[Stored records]
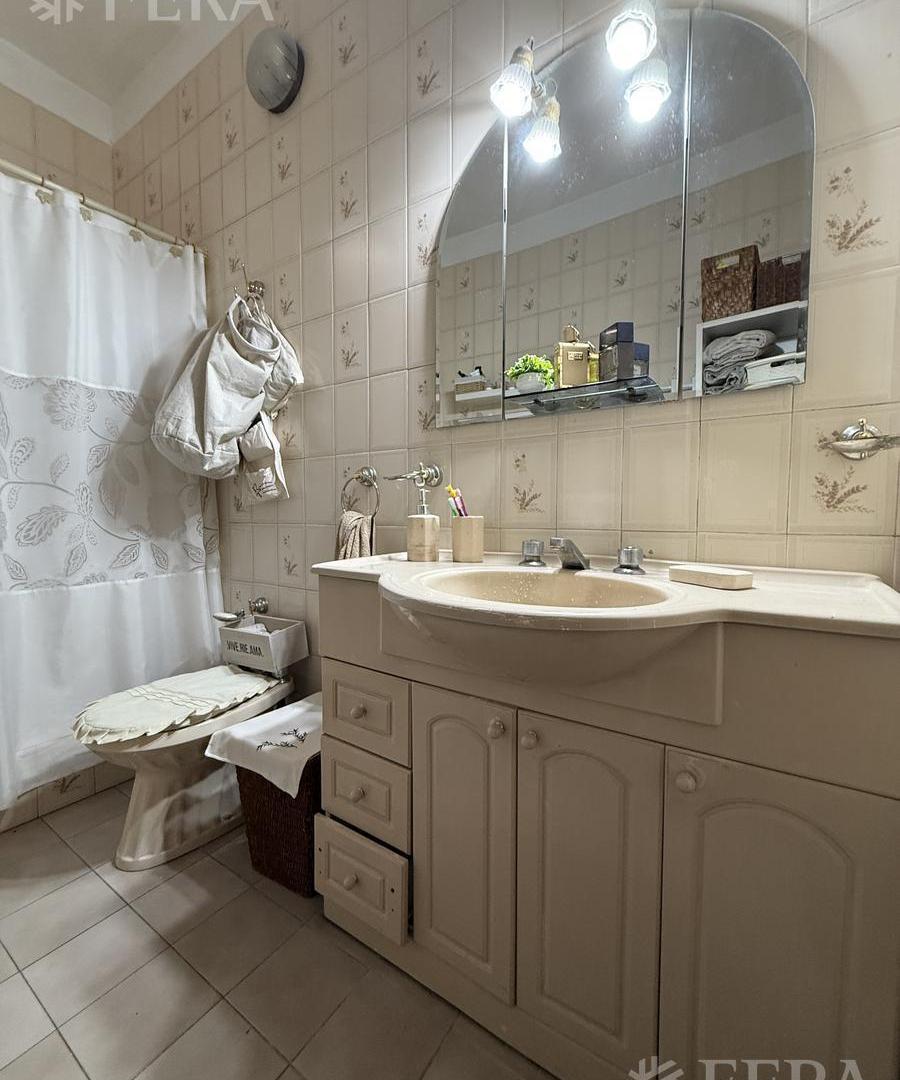 Foto de Venta Casa 4 ambientes con cochera y patio en Quilmes Oeste, imagen 4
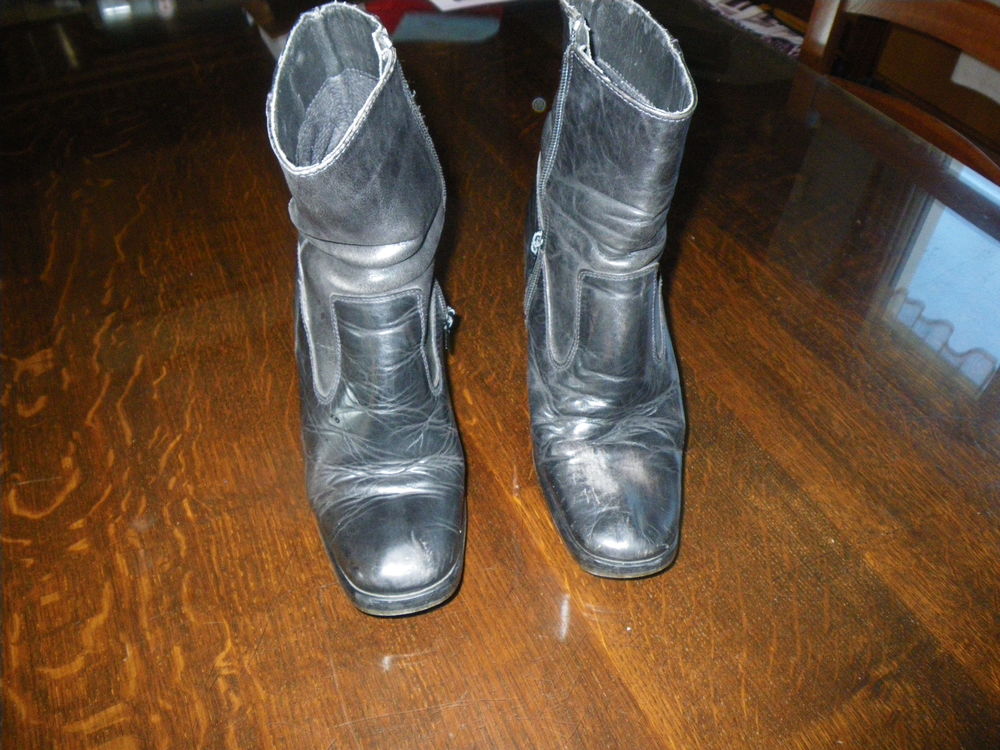 Bottines 2 paires 0 Savigny-en-V�ron (37)
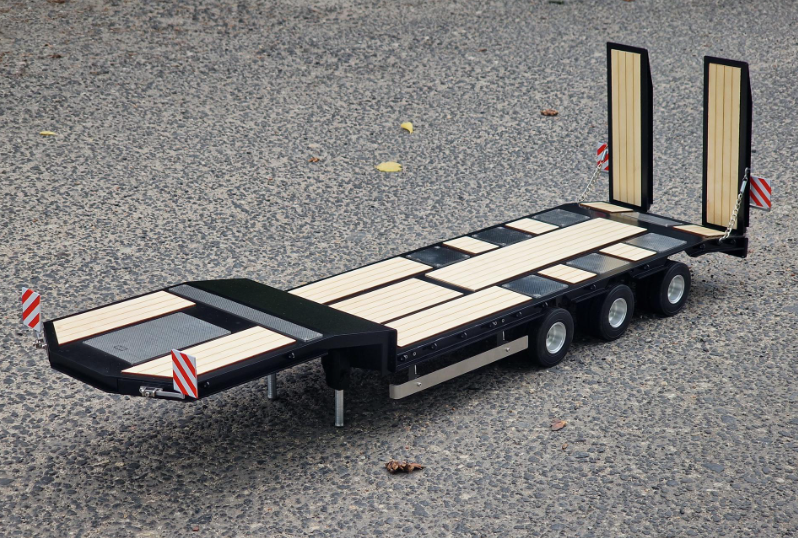 2023-05-28 15_37_28-1_14 scale lowboy lowbed semi-trailer - scale-parts store.png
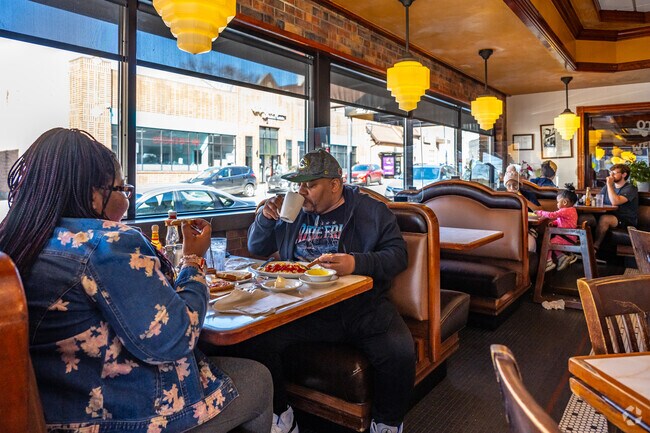 Ma Fischer's just south of Murray Hill is one of Milwaukee's favorite dinners.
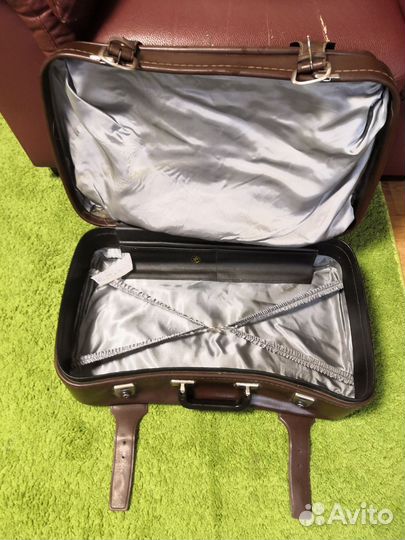 Винтажный чемодан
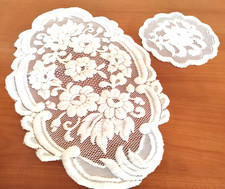 Plauener Spitzendecken aus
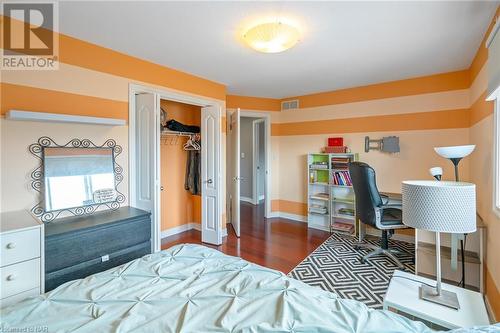 8422 Heikoop Crescent, Niagara Falls, ON - Indoor Photo Showing Bedroom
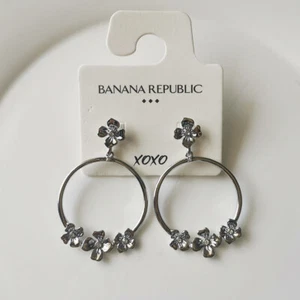 New Banana Republic Flower Drop Earrings Gift Women Party Show Holiday Jewelry - Picture 1 of 3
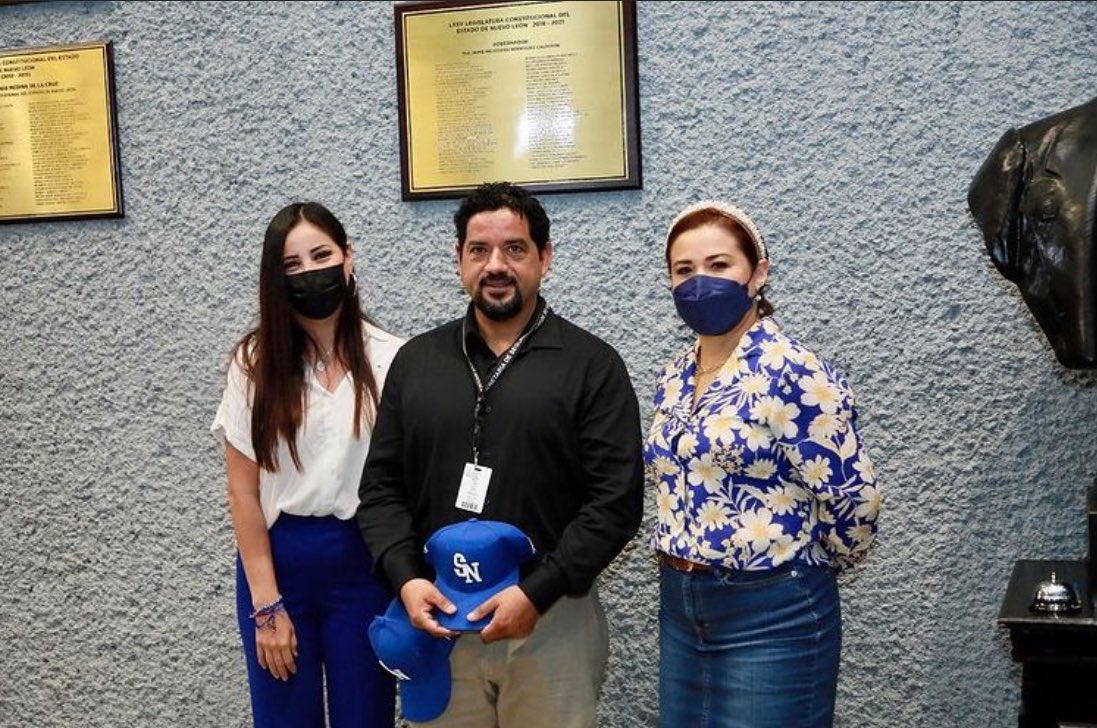 Reciben la diputada <a href="/LilyOlivaresC/">Lily Olivares</a> en el <a href="/CongresoNL/">Congreso Nuevo León</a> a los cadetes que se preparan en la Academia de policía municipal, fueron exhortados a seguir preparándose para proteger y servir y la gente se sienta contenta con su futuro desempeño...1era Alcaldesa en 2024?

#LoQuePasaEnSN™️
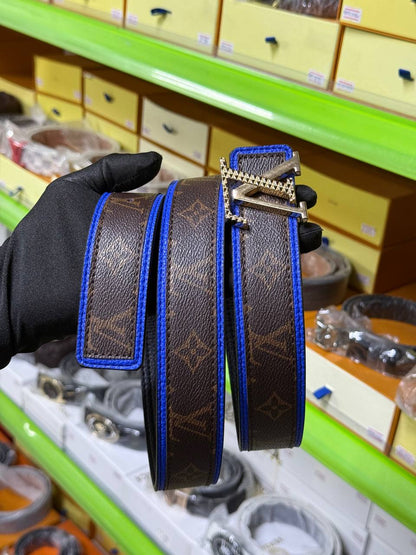 Sporty Buckle Belt – Comfort on the Move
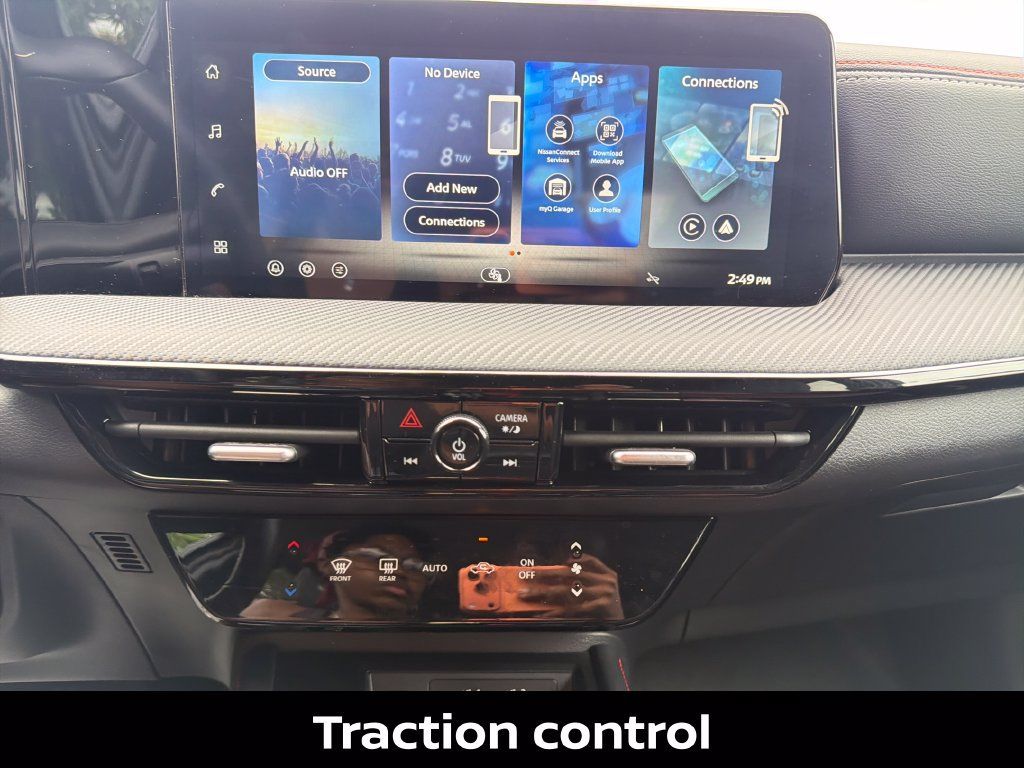 Certified 2026 Nissan Kicks SR FWD image 20
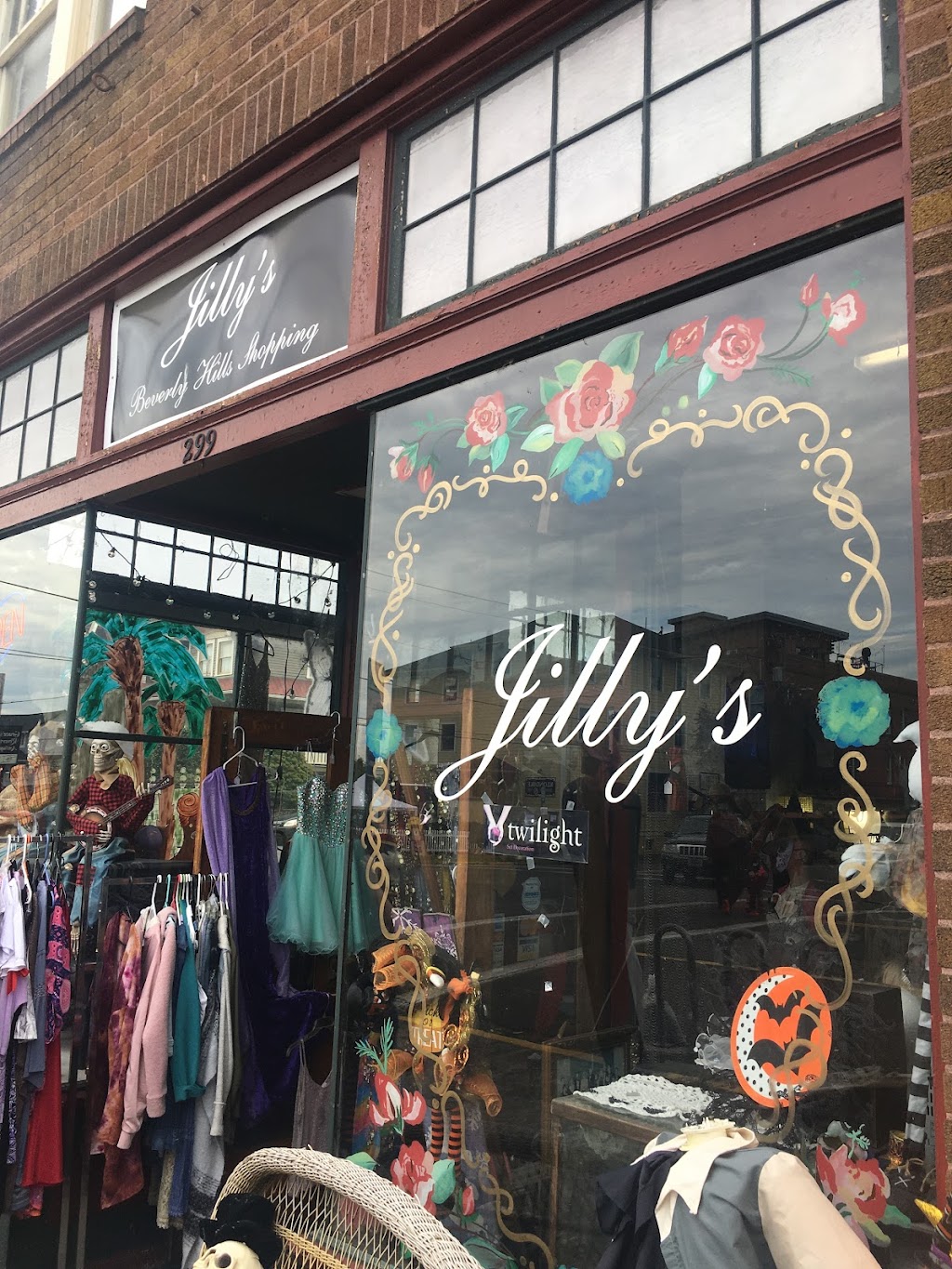 Jillys Again | 299 S 1st St, St Helens, OR 97051, USA | Phone: (503) 397-4083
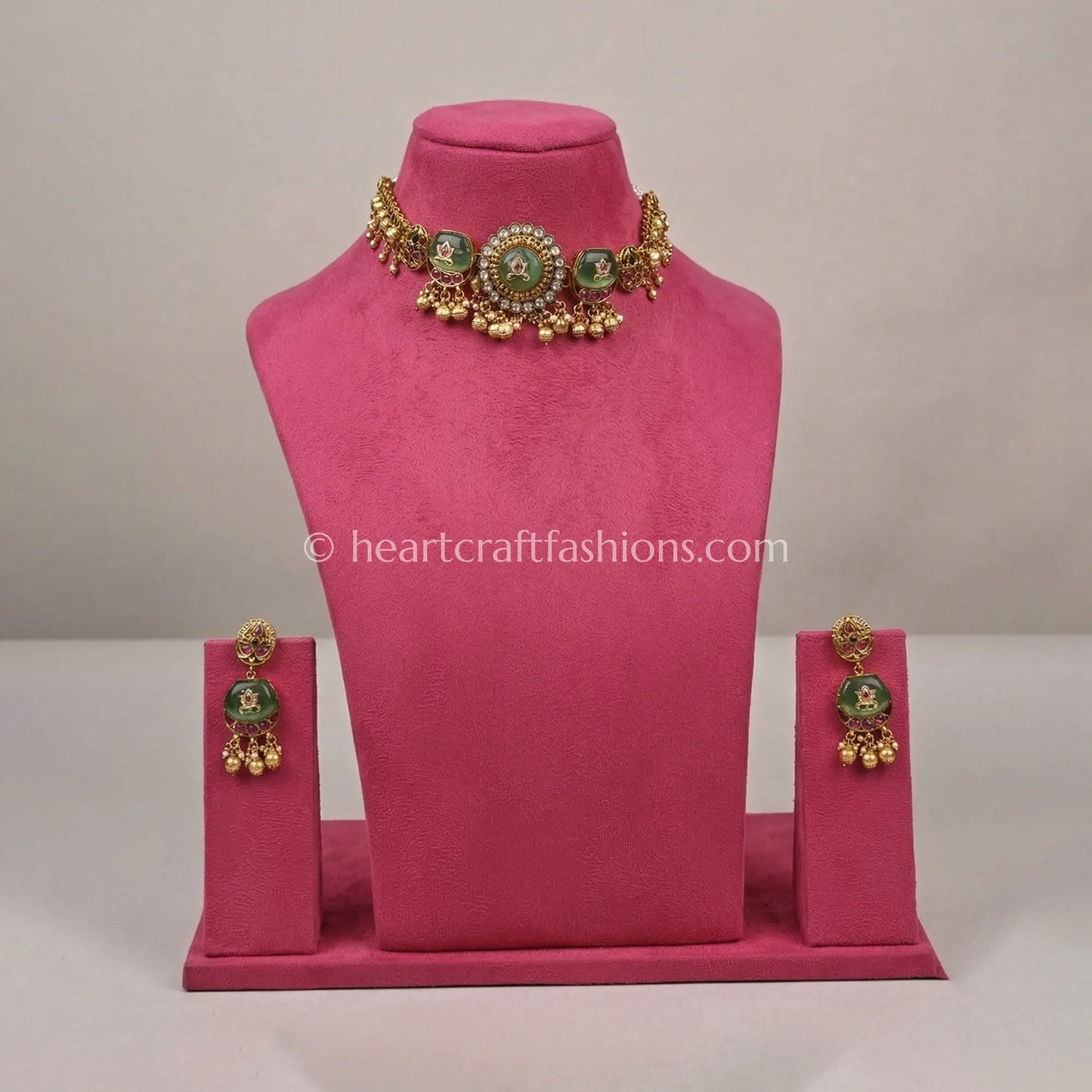 Heritage Green Choker Set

**TO DO:** Each line from the start of the entries through the line with "Plauener Spitzendecken aus" is to be restated exactly, and the pictures are to be skipped.

**TASK RESPONSE:**
 Foto de Venta Casa 4 ambientes con cochera y patio en Quilmes Oeste, imagen 4
 Bottines 2 paires 0 Savigny-en-V�ron (37)
 2023-05-28 15_37_28-1_14 scale lowboy lowbed semi-trailer - scale-parts store.png
 Ma Fischer's just south of Murray Hill is one of Milwaukee's favorite dinners.
 Винтажный чемодан
 Plauener Spitzendecken aus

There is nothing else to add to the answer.